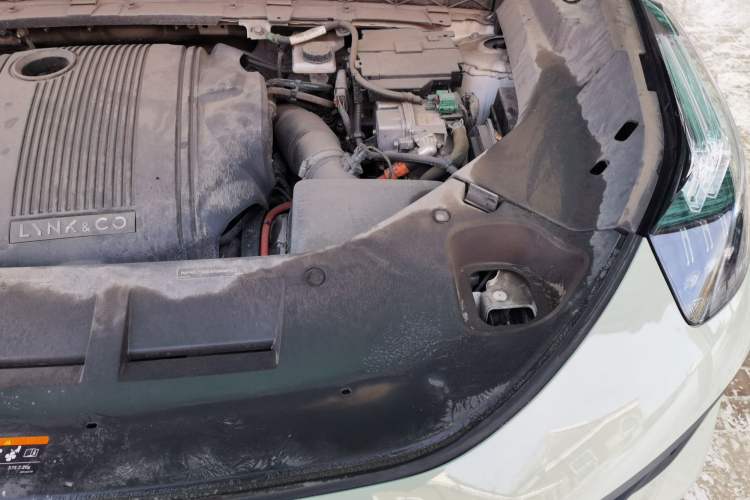Used Lynk & Co 01 EM-P 2021 1.5TD PHEV Halo Engine Bay Left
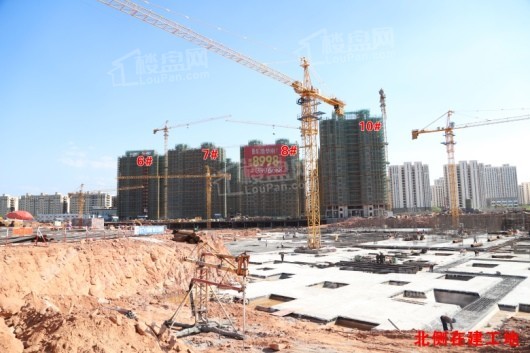 步阳·东港华府9月项目在建工地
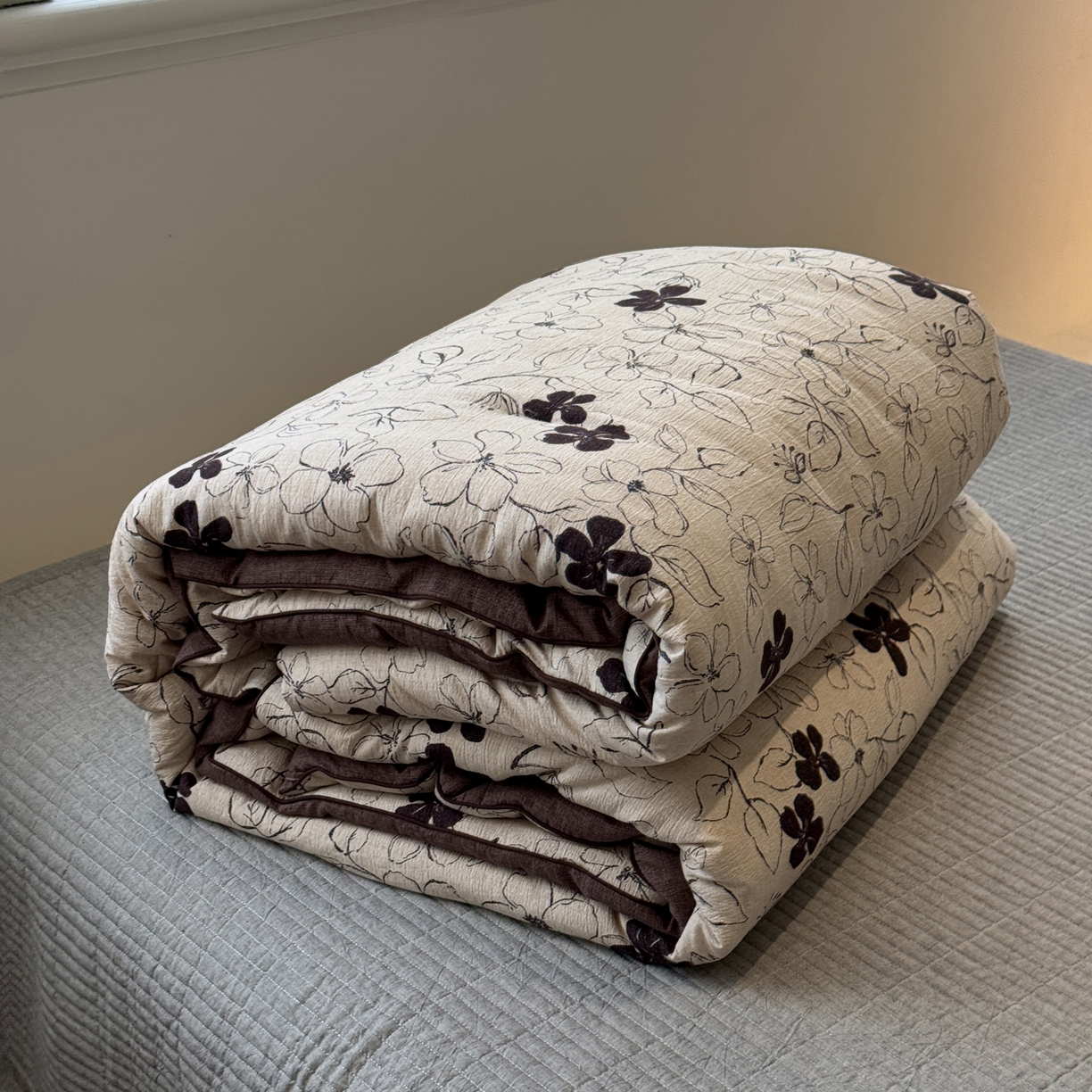 91家纺网 家纺一手货源 找家纺 一加一 2025新款双层纱印花大豆抗菌冬被被子被芯 织意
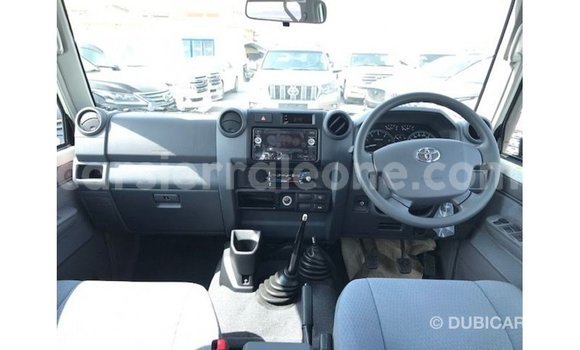 Buy Import Toyota Land Cruiser White Car in Import - Dubai in Kailahun Buy Import Toyota Land Cruiser White Car in Import - Dubai in Kailahun
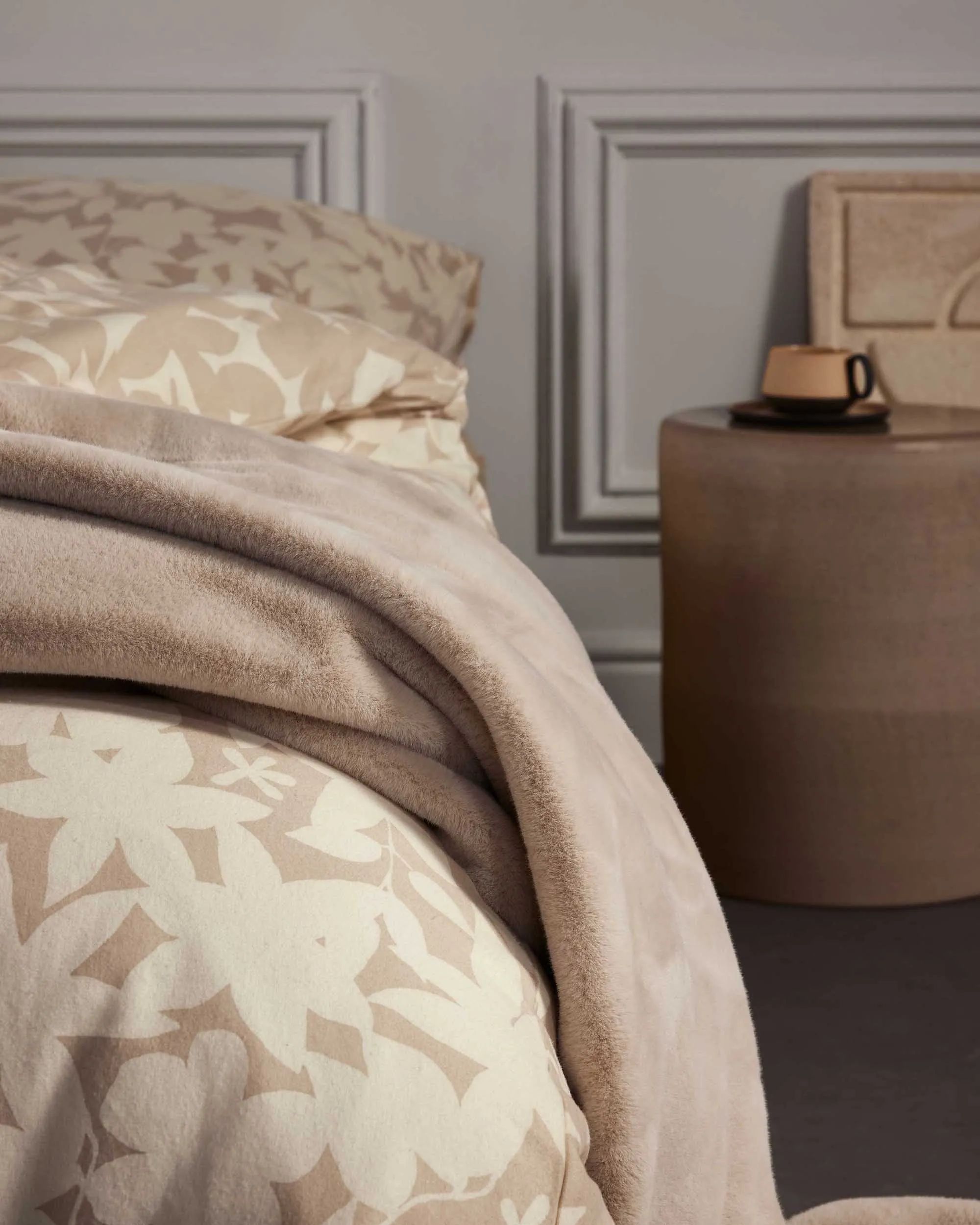 Essenza Plaider Furry Plaid i Oatmeal, B180 x L265 cm, 3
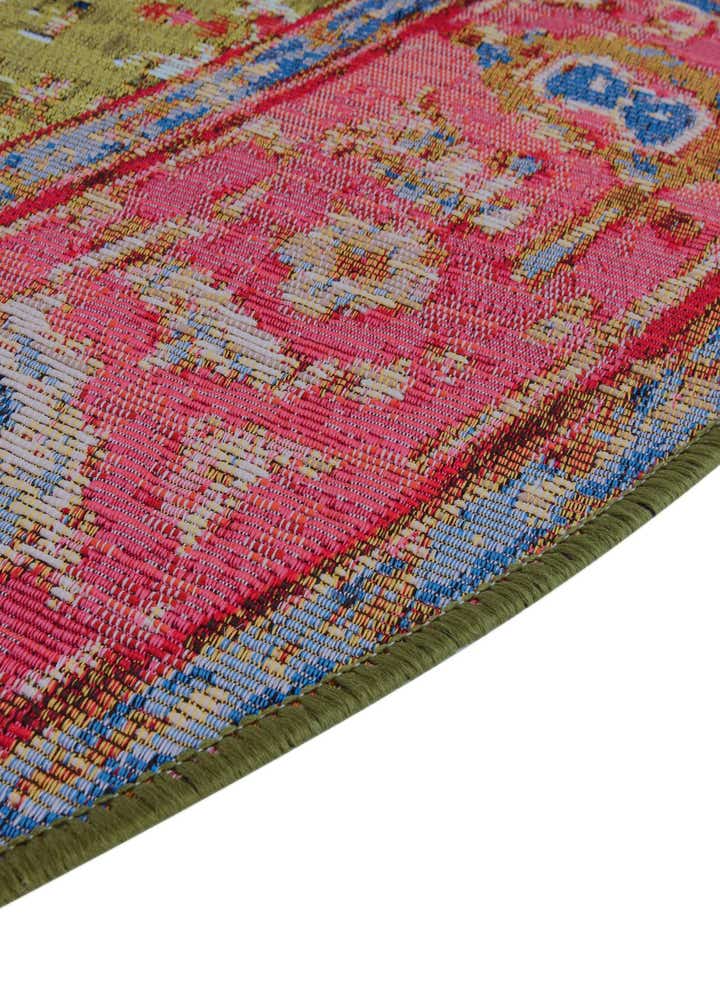 5' 3 x 8' Easy-Clean Traditional Indoor / Outdoor Oval Rug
__________
* [Required action] If an entry contains a picture, omit it; restate everything else word for word.

* [Exercise solution]
Used Lynk & Co 01 EM-P 2021 1.5TD PHEV Halo Engine Bay Left
 步阳·东港华府9月项目在建工地
 91家纺网 家纺一手货源 找家纺 一加一 2025新款双层纱印花大豆抗菌冬被被子被芯 织意
 Buy Import Toyota Land Cruiser White Car in Import - Dubai in Kailahun Buy Import Toyota Land Cruiser White Car in Import - Dubai in Kailahun
 Essenza Plaider Furry Plaid i Oatmeal, B180 x L265 cm, 3
 5' 3 x 8' Easy-Clean Traditional Indoor / Outdoor Oval Rug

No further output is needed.